A Lua script for HAProxy 3.2+ that generates JA4 TLS client fingerprints.

What is a JA4 fingerprint?

A JA4 fingerprint is a 36-char string that identifies a TLS client based on attributes in its Client Hello.

Example fingerprint: t13d1516h2_8daaf6152771_02713d6af862

Part Example Description
JA4_a t13d1516h2 Various fields (see table below)
JA4_b 8daaf6152771 Truncated SHA256 of sorted cipher suites
JA4_c 02713d6af862 Truncated SHA256 of sorted extensions + sig algos

These are the JA4_a fields:

Pos Example Field Values
1 t Protocol t = TCP, q = QUIC, d = DTLS
2-3 13 TLS version 10-13, s2-s3, d1-d3, 00
4 d SNI d = domain, i = IP (no SNI)
5-6 15 Cipher count from 00 to 99 (capped at 99)
7-8 16 Extension count from 00 to 99 (capped at 99)
9-10 h2 ALPN first+last char (eg, h2) or 00

JA4 specification

Notes on the JA4 specification

See the upstream JA4 specification.

TLS version

  1. Identify TLS version:
    • if supported_versions extension exists, use the highest version value after GREASE filtering
    • fallback to legacy_version field (aka Protocol Version in JA4 spec)
  2. Output the version:
    • output 10, 11, 12 or 13 for TLS
    • output s2 or s3 for SSL
    • output d1, d2 or d3 for DTLS
    • if the version isn't recognized, output 00

Ignore legacy_record_version (aka Handshake Version in JA4 spec).

GREASE

GREASE (Generate Random Extensions And Sustain Extensibility) is a mechanism where TLS clients advertise fake cipher suites and extensions to prevent servers from becoming dependent on specific values. These placeholder values follow the pattern 0x?A?A (eg, 0x0A0A, 0x1A1A, ..., 0xFAFA).
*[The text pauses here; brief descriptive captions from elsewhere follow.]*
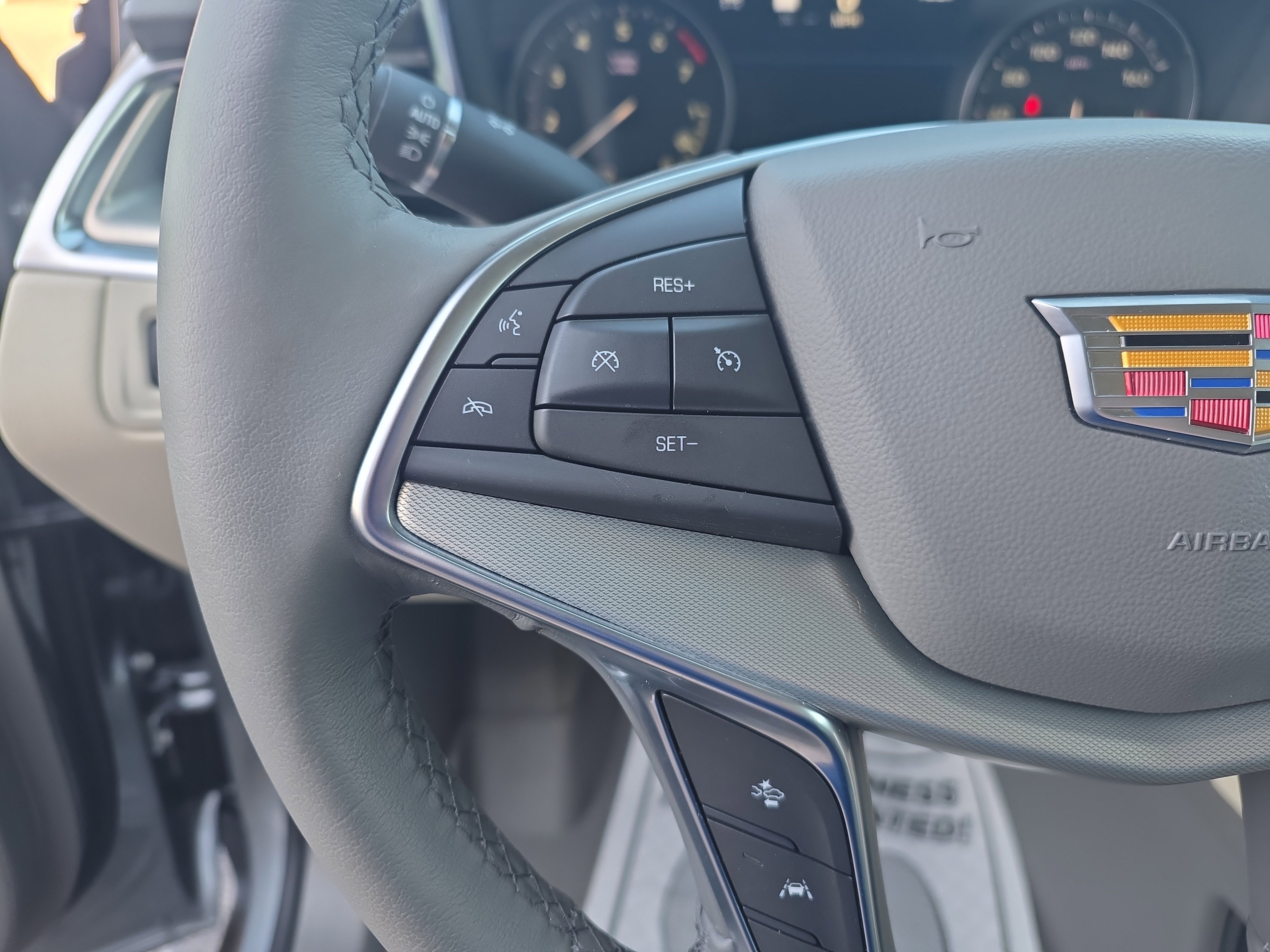 Used 2025 Cadillac XT5 Premium Luxury w/ Technology Package image 18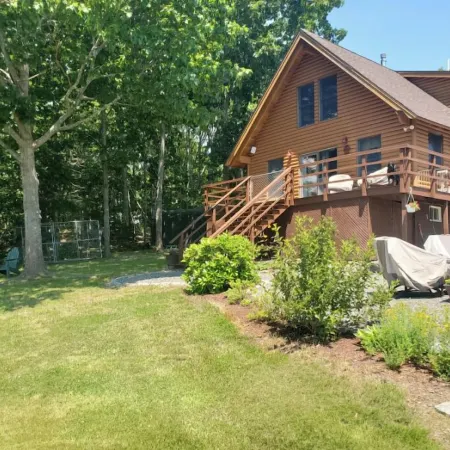 Great cabin on a tidal river, just minutes from Acadia National Park.
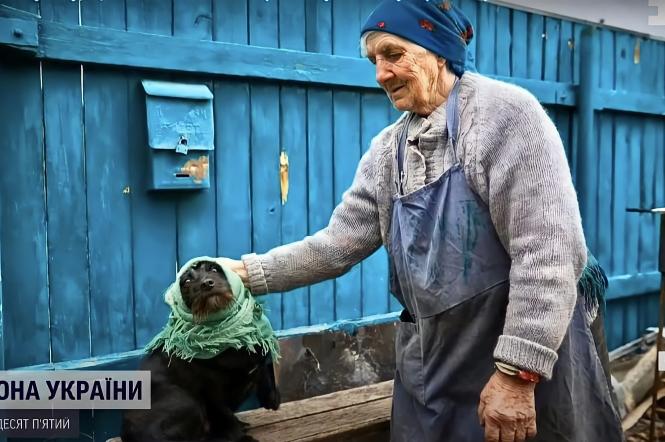 "Когда я плакала, Боня мне лизала слезы", — история Марии Ефимовны, которая пережила обстрелы Горенки вместе со своей собачкой, фото которой облетело все соцсети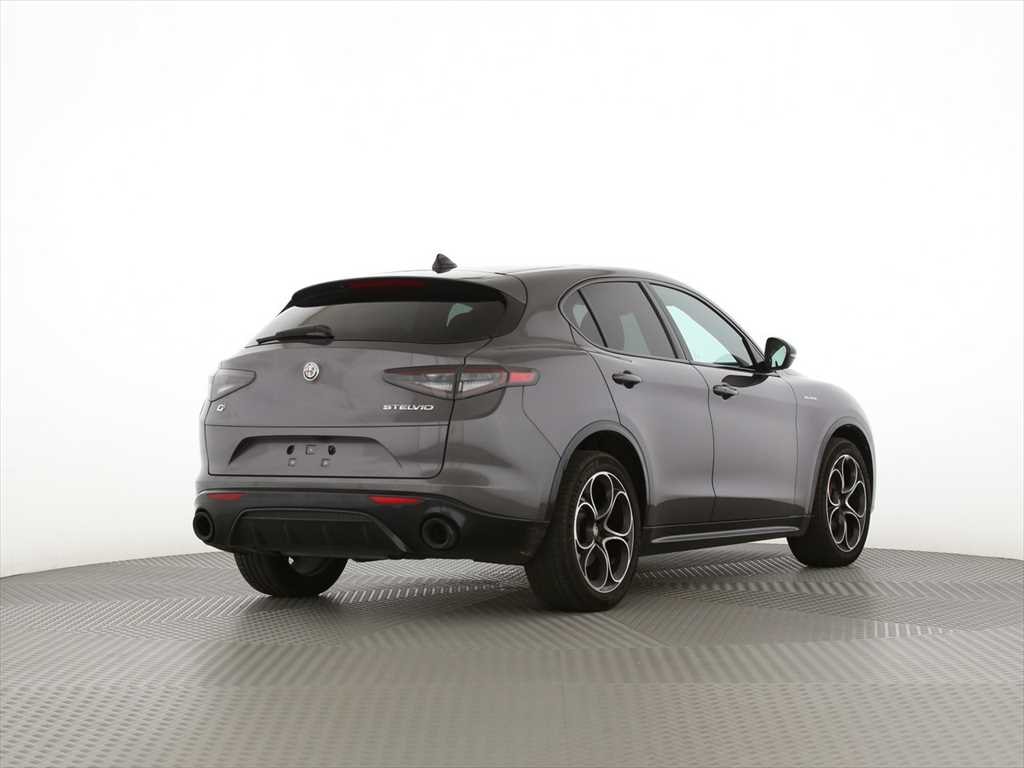 ALFA ROMEO Stelvio 2.0 Veloce Q4 AT8-image-1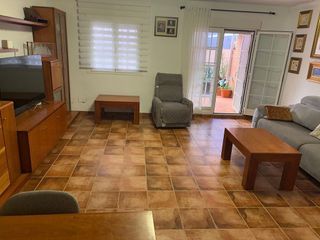 Casa adosada en venta en Los Molinos - Villa Blanca en Almería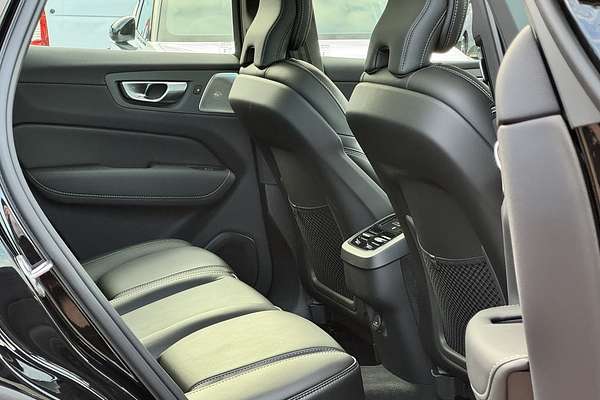 2024 Volvo XC60 Ultimate B5 Bright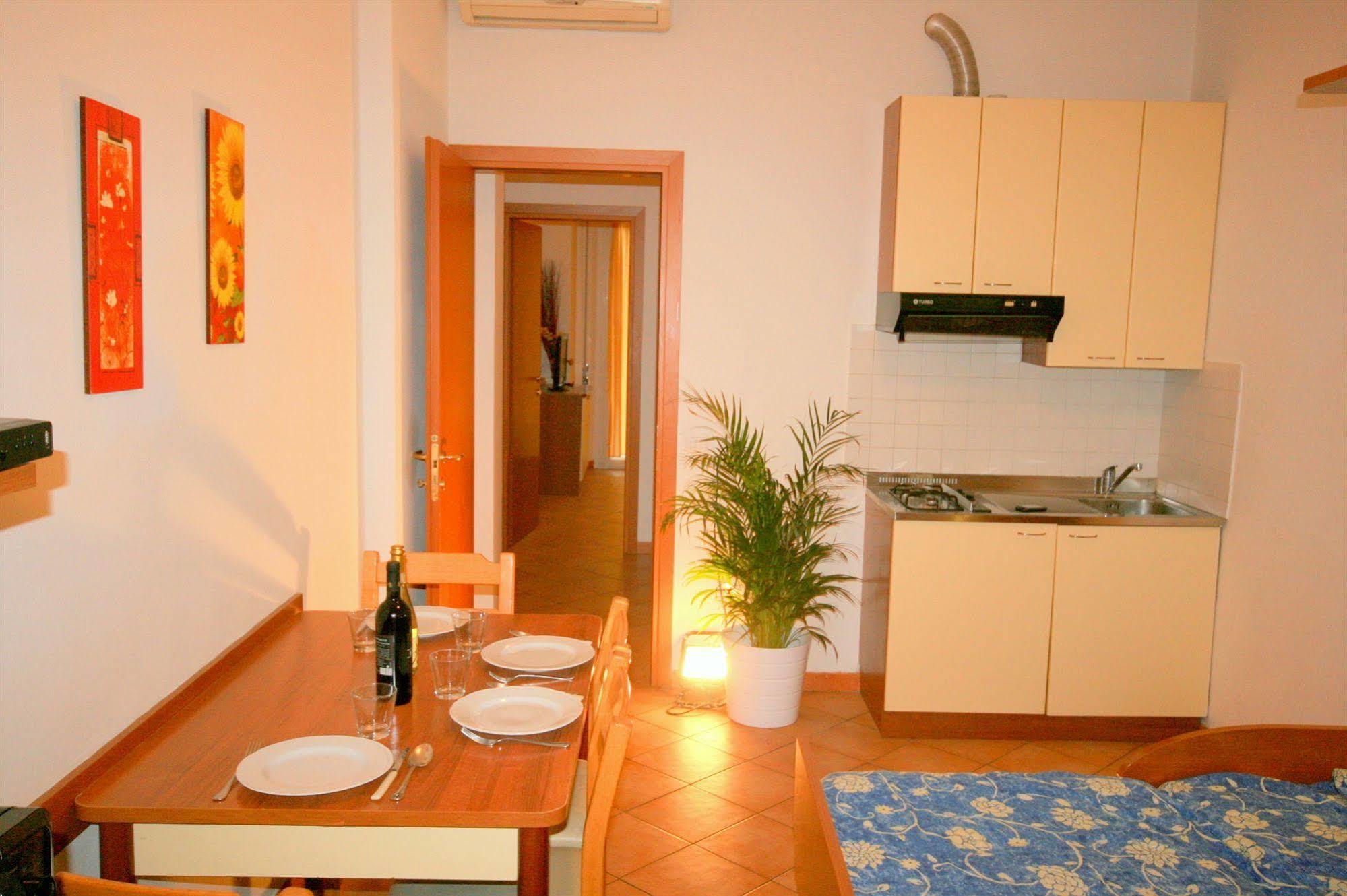 Residence Algarve Ρίμινι Εξωτερικό φωτογραφία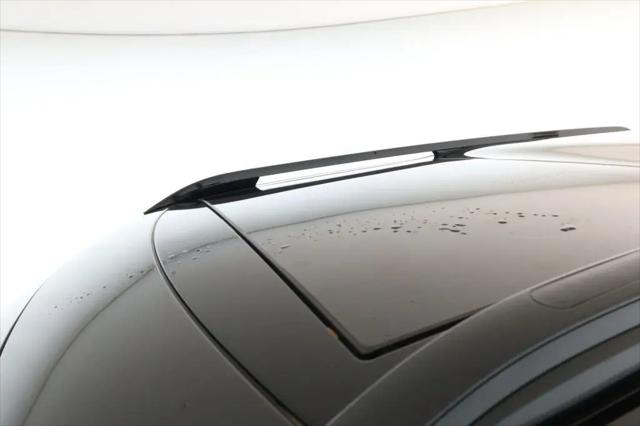 2024 Land Rover Discovery P360 Dynamic SE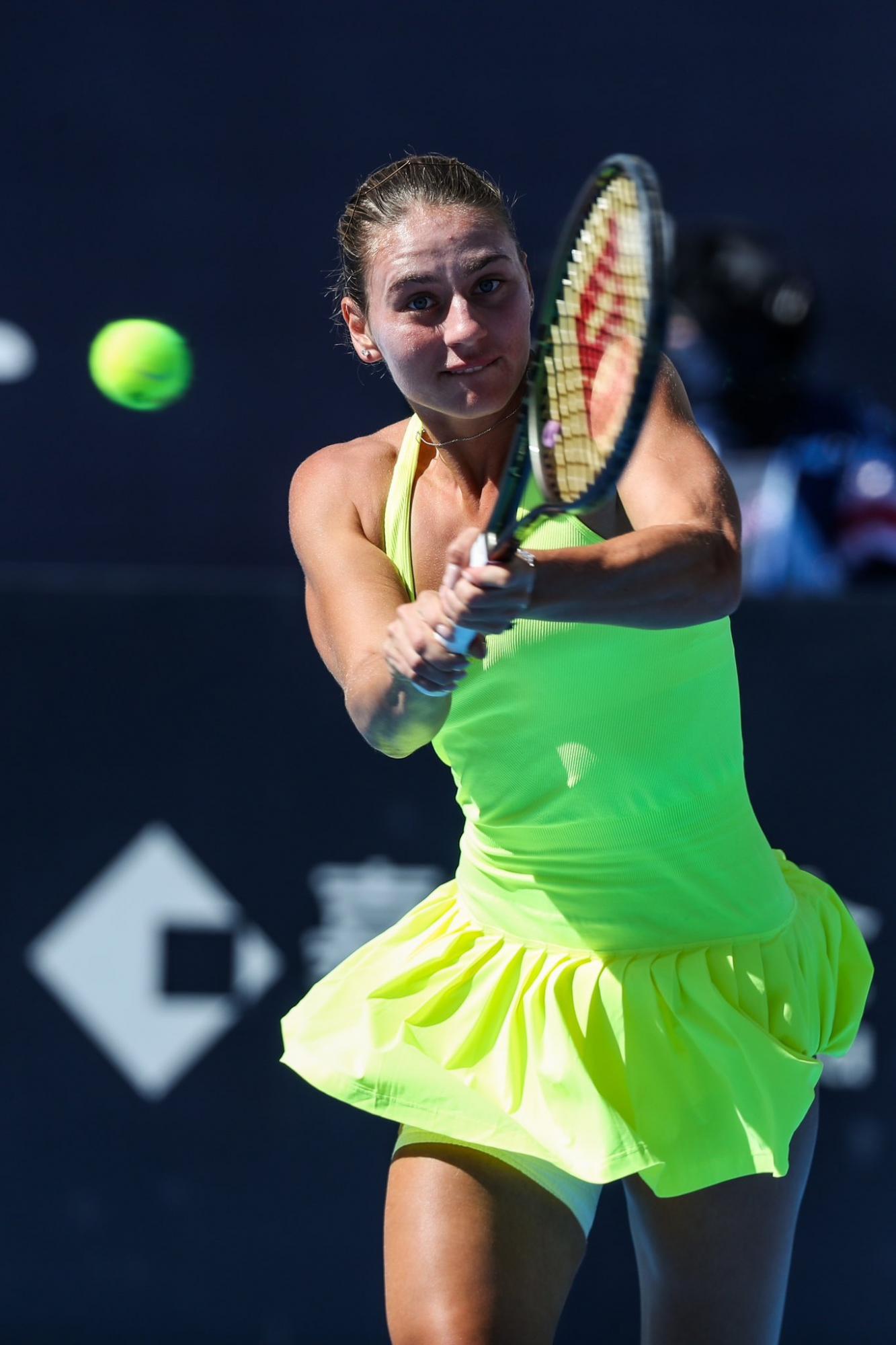 Марта Костюк в драматичній дуелі вибила 7-му ракетку світу: фото і відео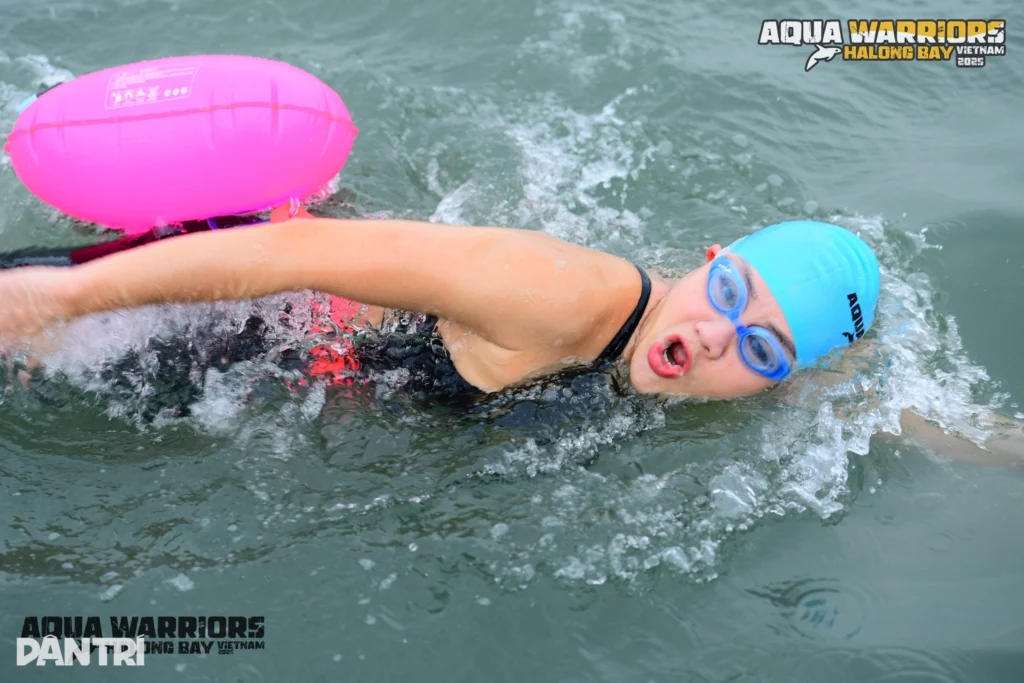 Nữ VĐV xinh đẹp hướng dẫn kỹ năng bơi biển ở giải Aqua Warriors Quảng Trị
GREASE values must be ignored, otherwise the same client would produce multiple different fingerprints. Filter out GREASE values from:

  • version detection
  • cipher counts and hashes
  • extension counts and hashes

Pass 1 to HAProxy ssl_fc_*_bin() functions to enable GREASE filtering.

ALPN

ALPN (Application-Layer Protocol Negotiation) is a TLS extension that allows clients to indicate which application protocols they support (eg, h2, http/1.1). The JA4 fingerprint captures the first and last characters of the first ALPN value advertised by the client.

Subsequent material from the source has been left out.